Abstract
OBJECTIVE:To examine genomic correlates of CTR and overall survival (OS) in patients with IU-CRLM treated with combination systemic and hepatic artery infusion (HAI) chemotherapy.
BACKGROUND:In patients presenting with IU-CRLM, combination systemic and HAI chemotherapy enables CTR with associated long-term OS in a subset of patients. Genomic correlates of CTR and OS in IU-CRLM have not been previously explored.
METHODS:Specimens from IU-CRLM patients receiving systemic/HAI chemotherapy (2003–2017) were submitted for next-generation sequencing. Fisher Exact test assessed associations with CTR, and Kaplan-Meier/Cox methods assessed associations with OS from HAI initiation.

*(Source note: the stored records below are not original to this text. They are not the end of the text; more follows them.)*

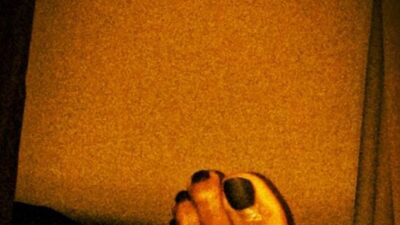 Dwyane Wade black toenails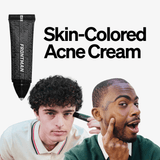 Skintone Acne Treatment by FRONTMAN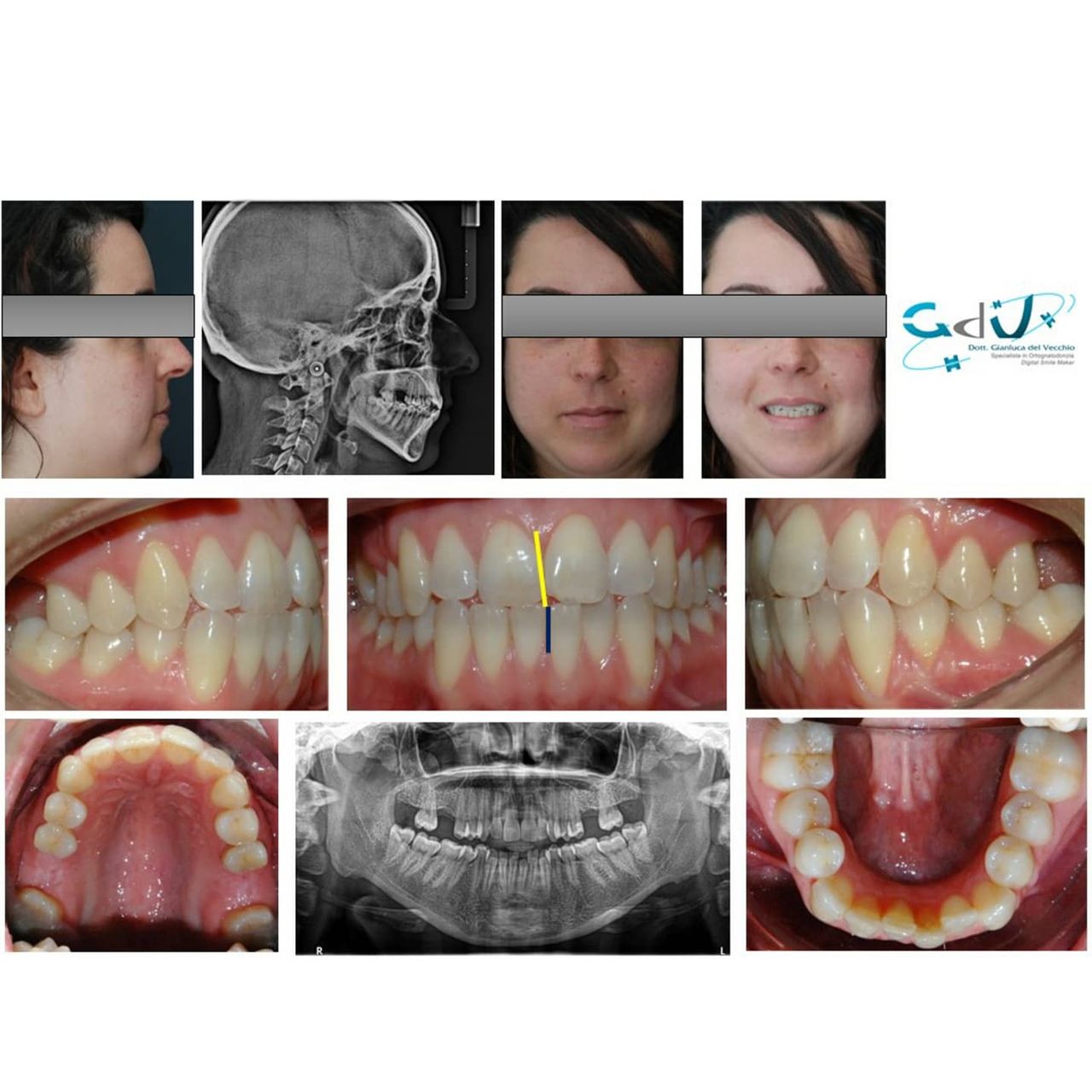 Gianluca Del Vecchio-100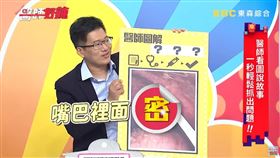 扁桃腺結石（醫師好辣）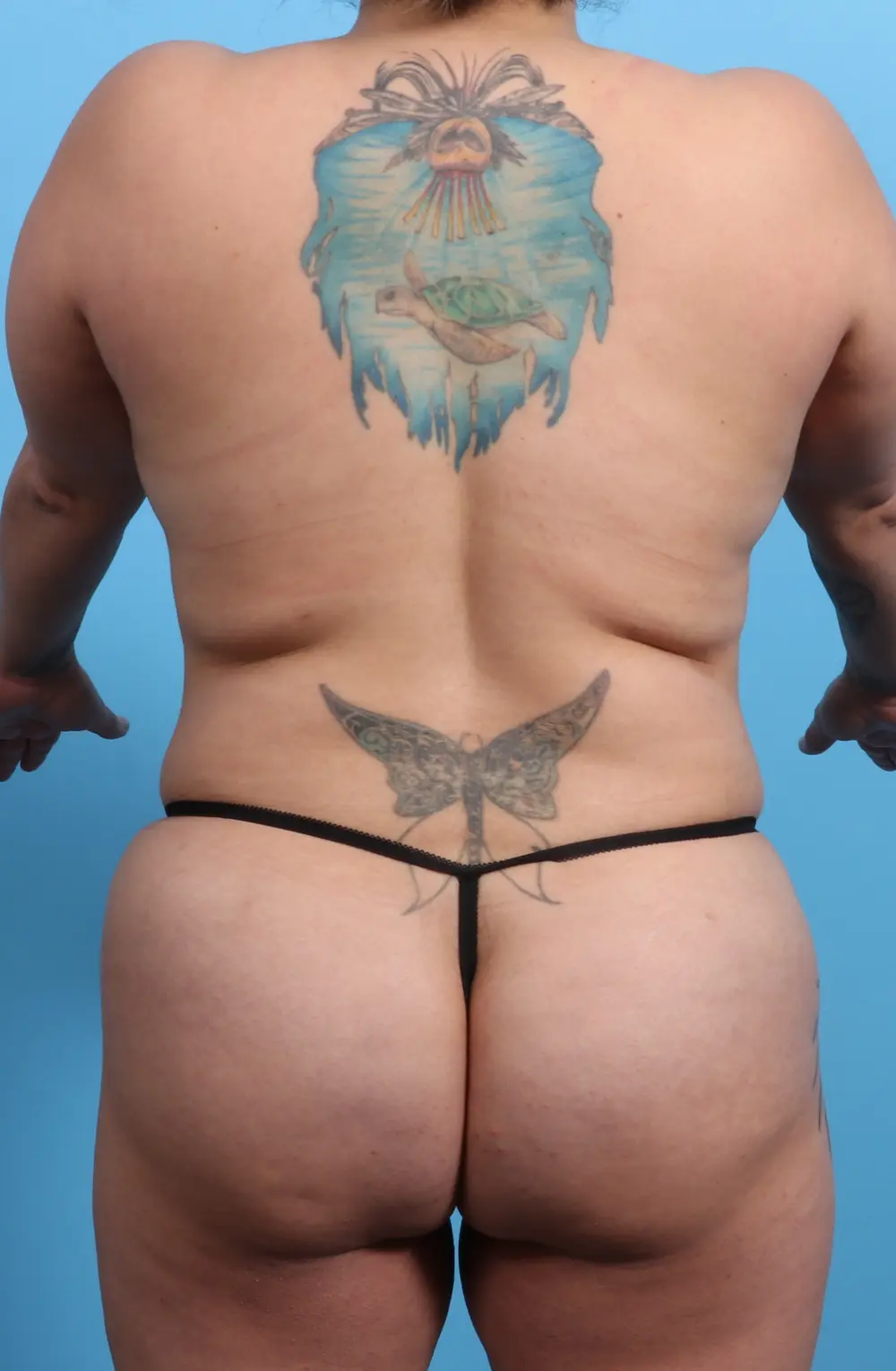 Breast Lift/Reduction with Implants Patient Photo - Case 21984 - after view-3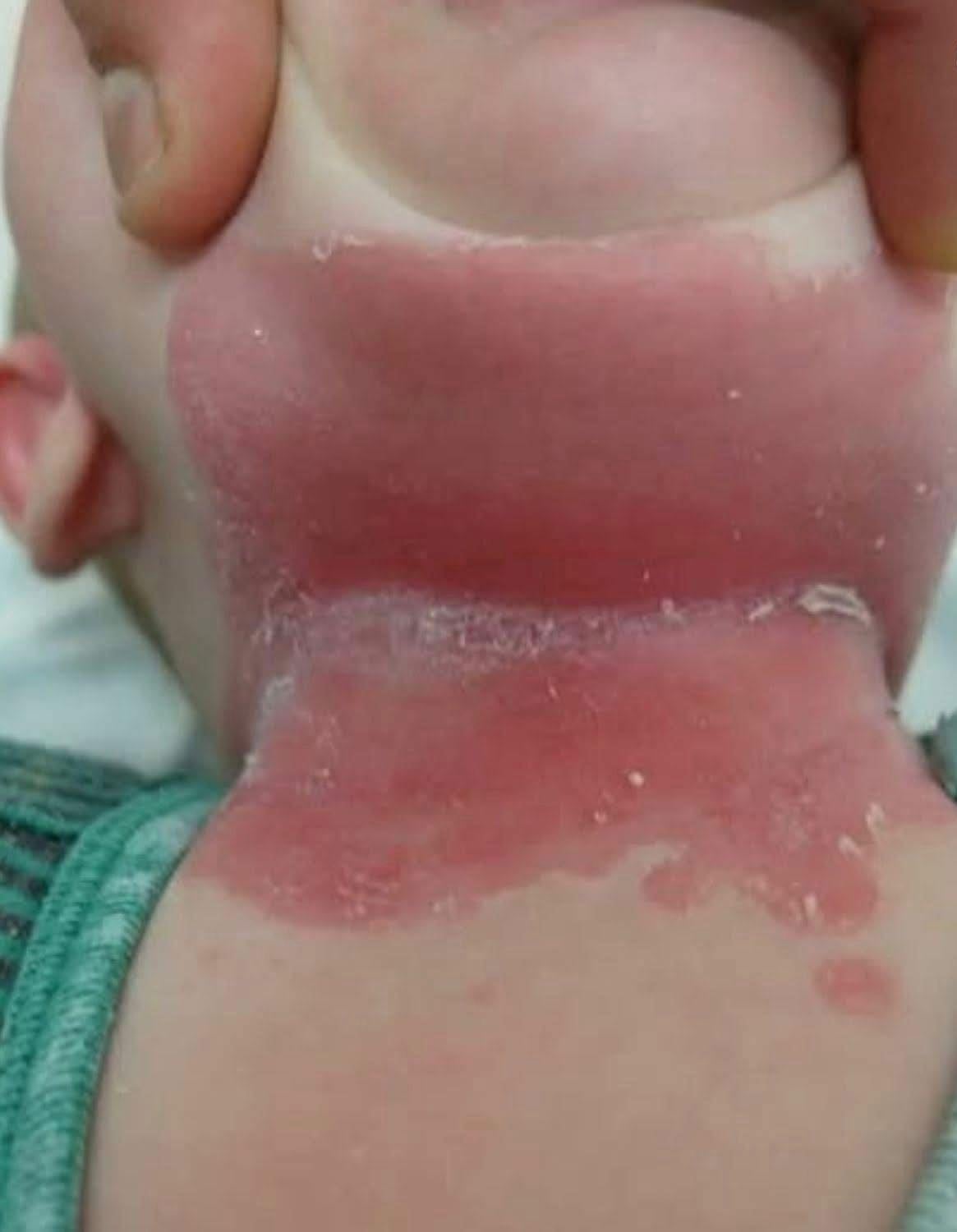 These are the consequences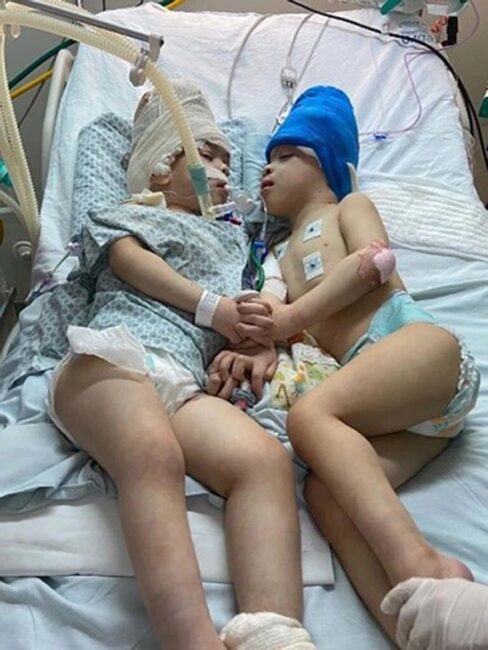 Photos: Conjoined twins with 'Fused Brains' separated through surgery in Brazil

RESULTS:Of 128 IU-CRLM patients, 51 (40%) underwent CTR at median 6 months (range3–35) from HAI initiation. CTR and persistently unresectable cohorts differed significantly in preoperative systemic chemotherapy exposure, node-positive primary status, and size of largest liver metastasis. Median and 5-year OS was 66 months and 51%. CTR was associated with prolonged survival (time-dependent HR 0.23, 95% CI0.12–0.46, P < 0.001). The most frequently altered genes were APC (81%), TP53 (77%), and KRAS (37%). Oncogenic mutations in SOX9 and BRAF were associated with CTR. BRAF mutations, any RAS pathway alterations, and co-altered RAS/RAF-TP53 mutations were associated with worse survival. Classification and regression tree analysis defined prognostically relevant clusters of genomic risk to reveal co-altered RAS/RAF-TP53 as the highest risk subgroup. Co-altered RAS/RAF-TP53 remained independently associated with worse survival (HR 2.52, 95% CI1.37–4.64, P = 0.003) after controlling for CTR, number of liver metastases, and preoperative extrahepatic disease.
CONCLUSIONS:Distinct genomic profiles are associated with CTR and survival in patients with IU-CRLM treated with HAI/systemic chemotherapy. Presence of SOX9, BRAF, and co-altered RAS/RAF-TP53 mutations are promising biomarkers that, when validated in larger datasets, may impact treatment of IU-CRLM patients.